I just finished a loft that was made of 100% scrap wood that I got from craigslist, the windows, shingles, tar paper, door, foundation blocks, was all free from craigslist listings as well. I just had to special nails for the roof. I didn't have enough black or white shingles to do the whole roof one color.
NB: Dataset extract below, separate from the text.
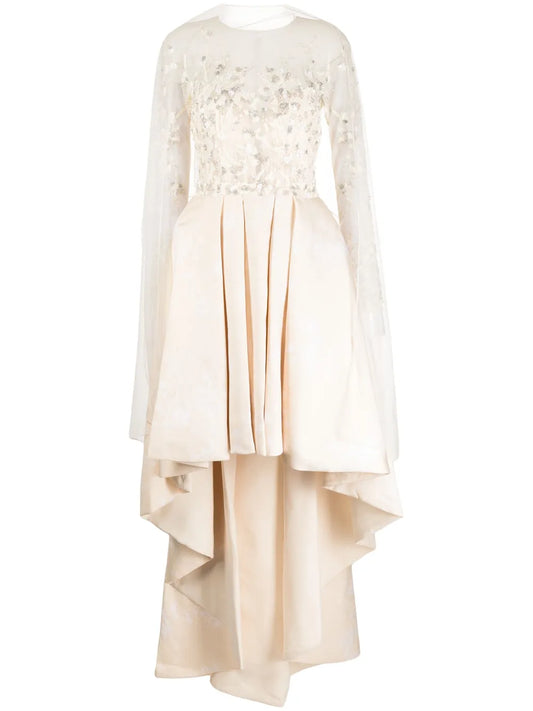 High-Low Brocade Maxi Dress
Its not a very pretty loft but its defiantly better than the small one they where in.


----------



## xaivang (Nov 21, 2011)

wow turn out pretty nice looking


----------



## almondman (Aug 22, 2009)

Nice job, especially for the price.


----------



## spirit wings (Mar 29, 2008)

way to recycle! good job. it looks sound and sturdy.


----------



## Zippy (Nov 20, 2011)

That looks really nice to me!


----------



## Quazar (Jul 27, 2010)

Pretty good, a little sanding on the front door & a coat of paint and you'd never know it was made from scrap. 
One thing though, watch any nails sticking out inside... any flying or fighting in the loft and a nail like the one in the last pic could cause a very nasty wing injury.


----------



## Vova (Mar 27, 2012)

Thanks everyone!! 


Quazar, the screws have been trimmed and sanded down flat


----------



## Crazy Pete (Nov 13, 2008)

Now all it needs is paint, and I'm sure craigslist will supply that also.
Dave


----------



## Zippy (Nov 20, 2011)

This is awesome especially considering the loft I'm just finishing up is going on $1500 and 11 months and it's not much bigger, plus you have birds in yours, lol.


----------



## Vova (Mar 27, 2012)

Zippy said:


> This is awesome especially considering the loft I'm just finishing up is going on $1500 and 11 months and it's not much bigger, plus you have birds in yours, lol.


Thanks zippy. I saw the video of your loft that you posted a while back, it looked great


----------